Imagine how fucking complex it would be arrange an appointment with somebody on another planet.
“See you at 11 o clock then?”
“Eh, we’ve only got 10 hours in a day. Spins like a motherfucker.”
The very first BattleTech novel, Decision at Thunder Rift, tried this.
It’s set on a planet in fairly close orbit of a red dwarf star, so its year lasts three local solar days, and the whole thing takes like four Earth weeks. There’s a whole section near the beginning of the book that explains it.
Most of the rest of the series uses the modern Gregorian calendar.
I mean Starfield, for all its many flaws, tracks local time for your current plant and location and universal time. Didn’t see why that wouldn’t be the standard. Anyone who only interacts locally only knows the one, but most people just always have two clocks that don’t match.
Starfield is an interactive video game, you can render the sun(s) in the sky, hang clocks on the walls, do all kinds of things with GUIs. And the player can look for the information they need at the moment.
Decision at Thunder Rift is a novel. It goes on and on about the orbit of this planet and its effect on the weather, and they still have to convert to days/weeks/months for the benefit of the reader. The very next book doesn’t bother; it’s a direct sequel to the first with the same author and main characters, and I don’t remember it even mentioning the local timekeeping system, other than maybe talking about “long summer evenings” or some such.

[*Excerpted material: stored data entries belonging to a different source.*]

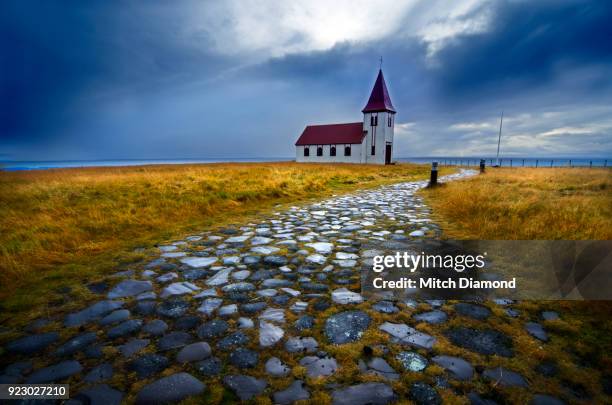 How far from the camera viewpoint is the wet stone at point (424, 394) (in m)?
1.64

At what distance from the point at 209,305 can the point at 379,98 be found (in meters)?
45.1

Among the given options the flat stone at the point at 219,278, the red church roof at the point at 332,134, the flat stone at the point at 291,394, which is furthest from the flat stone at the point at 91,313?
the red church roof at the point at 332,134

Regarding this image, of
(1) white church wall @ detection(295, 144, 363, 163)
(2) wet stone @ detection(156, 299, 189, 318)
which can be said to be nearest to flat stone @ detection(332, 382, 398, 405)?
(2) wet stone @ detection(156, 299, 189, 318)

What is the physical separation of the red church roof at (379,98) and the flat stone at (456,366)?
43.7m

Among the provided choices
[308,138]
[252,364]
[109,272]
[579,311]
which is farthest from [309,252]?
[308,138]

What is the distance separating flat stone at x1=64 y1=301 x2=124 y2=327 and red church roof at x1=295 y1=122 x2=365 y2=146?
150 feet

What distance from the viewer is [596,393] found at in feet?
5.48

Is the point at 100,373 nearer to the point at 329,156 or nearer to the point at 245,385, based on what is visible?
the point at 245,385

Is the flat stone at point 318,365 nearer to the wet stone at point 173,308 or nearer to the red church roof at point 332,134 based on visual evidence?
the wet stone at point 173,308

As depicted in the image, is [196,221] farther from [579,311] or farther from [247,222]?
[579,311]

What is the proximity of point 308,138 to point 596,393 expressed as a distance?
51736 mm

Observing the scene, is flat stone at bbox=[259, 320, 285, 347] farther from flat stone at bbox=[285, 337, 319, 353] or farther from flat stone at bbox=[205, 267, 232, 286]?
flat stone at bbox=[205, 267, 232, 286]

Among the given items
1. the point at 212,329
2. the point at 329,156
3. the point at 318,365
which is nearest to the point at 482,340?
the point at 318,365

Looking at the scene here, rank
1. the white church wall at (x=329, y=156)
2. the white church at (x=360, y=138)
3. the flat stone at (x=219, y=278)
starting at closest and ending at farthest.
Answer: the flat stone at (x=219, y=278) < the white church at (x=360, y=138) < the white church wall at (x=329, y=156) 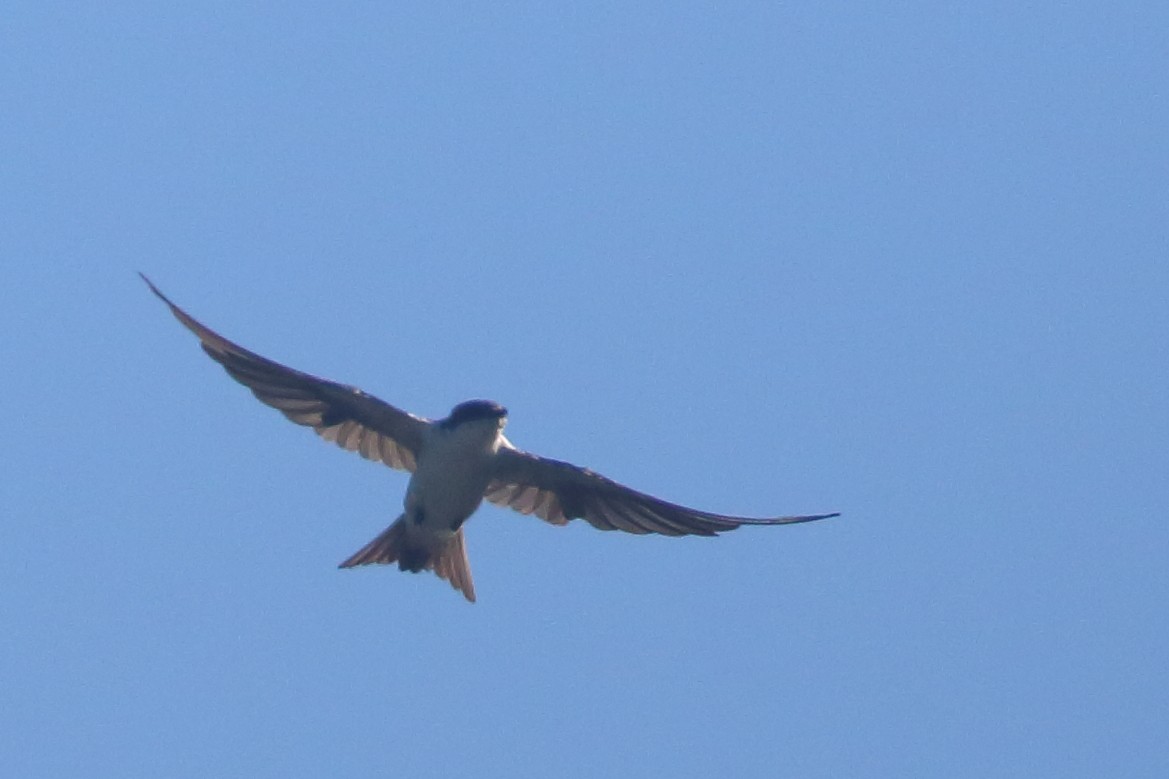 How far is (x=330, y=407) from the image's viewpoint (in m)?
12.3

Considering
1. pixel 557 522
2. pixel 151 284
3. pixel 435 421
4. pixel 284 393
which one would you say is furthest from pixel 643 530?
pixel 151 284

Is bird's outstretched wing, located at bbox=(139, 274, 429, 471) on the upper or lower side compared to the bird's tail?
upper

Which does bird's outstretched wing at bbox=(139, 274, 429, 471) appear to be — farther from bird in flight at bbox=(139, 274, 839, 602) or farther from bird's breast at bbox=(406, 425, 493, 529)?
bird's breast at bbox=(406, 425, 493, 529)

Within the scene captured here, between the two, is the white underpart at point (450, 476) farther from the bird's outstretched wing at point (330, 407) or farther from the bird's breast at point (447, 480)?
the bird's outstretched wing at point (330, 407)

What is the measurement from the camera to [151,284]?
1062 cm

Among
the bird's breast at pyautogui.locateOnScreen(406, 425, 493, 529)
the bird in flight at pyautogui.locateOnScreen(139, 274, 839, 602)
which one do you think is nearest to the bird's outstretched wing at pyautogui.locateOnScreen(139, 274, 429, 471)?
the bird in flight at pyautogui.locateOnScreen(139, 274, 839, 602)

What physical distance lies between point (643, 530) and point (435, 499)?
128 centimetres

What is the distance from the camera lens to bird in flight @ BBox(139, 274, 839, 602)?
11758 mm

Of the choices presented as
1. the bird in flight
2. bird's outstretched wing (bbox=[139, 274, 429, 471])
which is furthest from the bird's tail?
bird's outstretched wing (bbox=[139, 274, 429, 471])

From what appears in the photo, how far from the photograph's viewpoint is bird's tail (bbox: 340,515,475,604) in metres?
12.1

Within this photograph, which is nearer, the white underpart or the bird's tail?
the white underpart

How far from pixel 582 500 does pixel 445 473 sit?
998 mm

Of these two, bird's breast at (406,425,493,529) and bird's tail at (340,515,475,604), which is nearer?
bird's breast at (406,425,493,529)

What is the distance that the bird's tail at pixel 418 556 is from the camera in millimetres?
12086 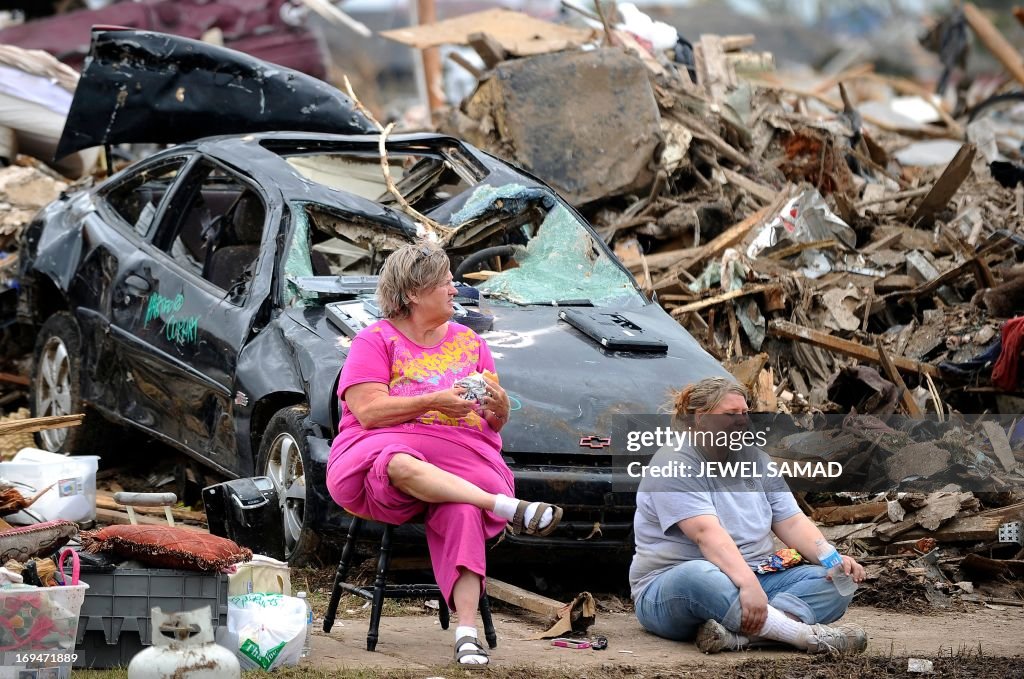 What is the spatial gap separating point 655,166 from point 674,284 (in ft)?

By the time you get to the Blood Of Kerensky trilogy every chapter starts with something like “Luthien City, Luthien, Pesht Military District, Darconis Combine. March 12, 3050.” They might occasionally mention “local winter” or something but seldom delve into how the local clocks and calendars work.
Also even though events take place light years apart, it doesn’t bother with stuff like relativity. It’s March 12 everywhere at once.
I’m not sure I understand what point you’re trying to make? Separate clocks like this are so complicated even the Battletech books stopped using them? It’s easier to do environmental storytelling in video games than it is in novels? Just looking for an excuse to talk about sci-fi conventions?
Well kinda looking for an excuse to talk about sci-fi conventions. I mean that’s the entire point of this community, right? to talk about Sci-Fi especially Star Trek?
But I think the broader point I’m trying to make is that Sci-Fi creators realized that creating exotic clocks and calendars isn’t worth it. It’s just a waste of the audiences and the authors time. “We interrupt this exciting action story about a daring dashing young robot tank pilot and his plucky band of mercenaries to bring you a ten page lecture on exochronology.”
Even in a series that tries to be as hard sci-fi as Battletech (no magic, no telepathy, no sentient aliens (okay there was that one time and it’s still technically canon but we don’t talk about that), no god-like aliens etc. everything is science, technology and physics) the authors kind of gave up bothering the audience with how the clocks work on every little planet, other than mentioning “long nights” or something. Star Trek doesn’t do it often either.
Well why do you think I brought up Starfield?
I like the addition in Starfield, if for no other reason that it shows how unwieldy and difficult it is when it’s easy to implement. Stellaris has a standardized calendar with a 360 day year of 12 30-day months. I don’t think it’s an addition that makes a novel any better usually (they almost never mention toilets, either) but I do think they can add something to a game or even a movie as part of a set piece. I think the stories where it’s a plot detail are… Less engaging.
The clock starts at 0300 and ends at 1300.